INPUT DATA below:
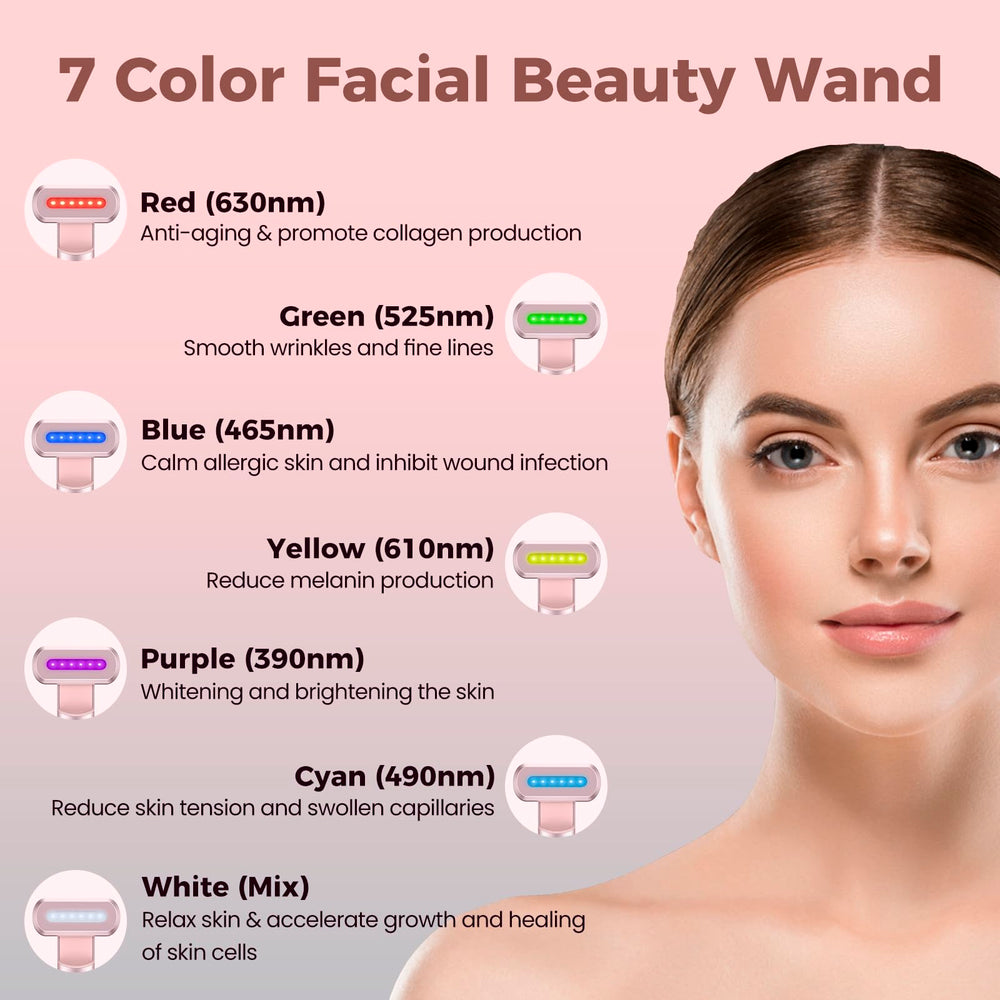 Londxin galvanic current skincare wand for deeper cleansing and toning.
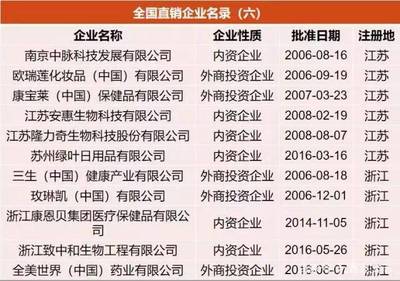 商務部發布|直銷備案產品、直銷培訓員和直銷員復核登記結果:復核后直銷備案產品減少44.5%,直銷培訓員、直銷員均有所減少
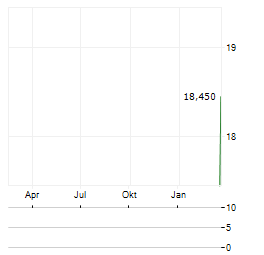 DEKPOL Aktie Chart 1 Jahr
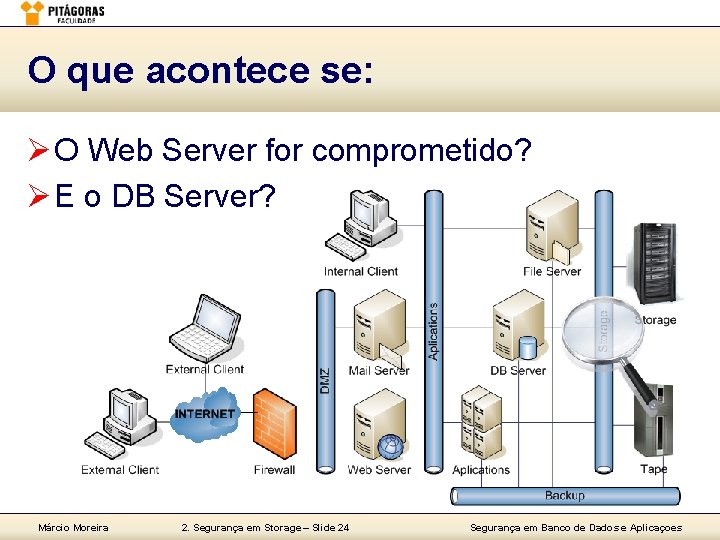 O que acontece se: Ø O Web Server for comprometido? Ø E o DB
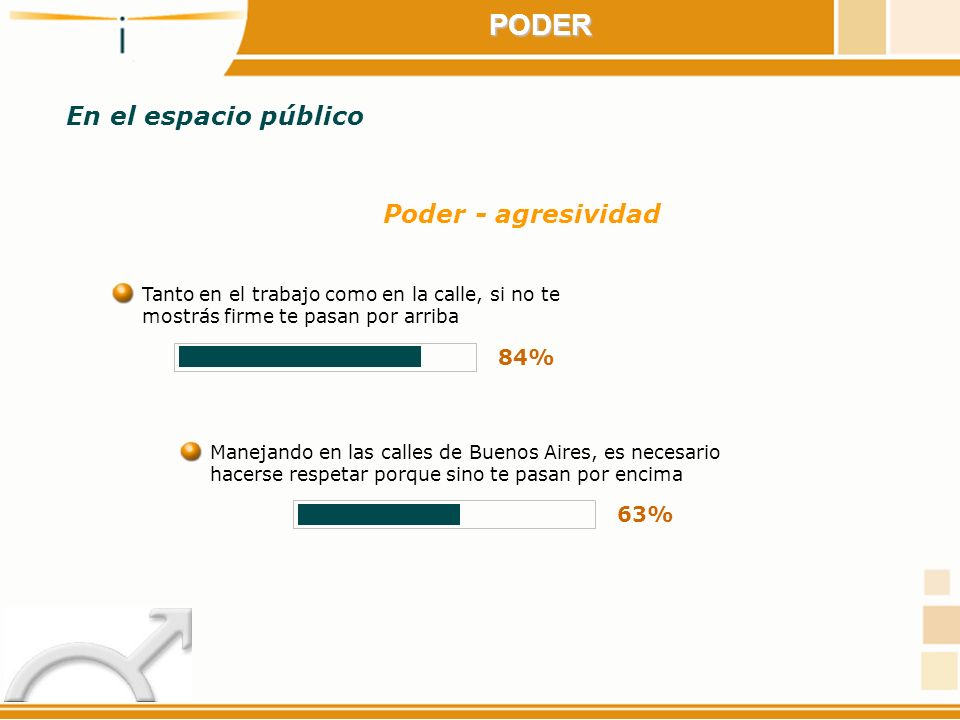PODER En el espacio público Poder - agresividad 84% 63%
End of INPUT DATA.
→ YOUR GOAL
Leaving out every picture, copy exactly the lines from the one that contains "商務部發布|直銷備案產品" through the end of the entries above.

→ ANSWER AREA
 商務部發布|直銷備案產品、直銷培訓員和直銷員復核登記結果:復核后直銷備案產品減少44.5%,直銷培訓員、直銷員均有所減少
 DEKPOL Aktie Chart 1 Jahr
 O que acontece se: Ø O Web Server for comprometido? Ø E o DB
PODER En el espacio público Poder - agresividad 84% 63%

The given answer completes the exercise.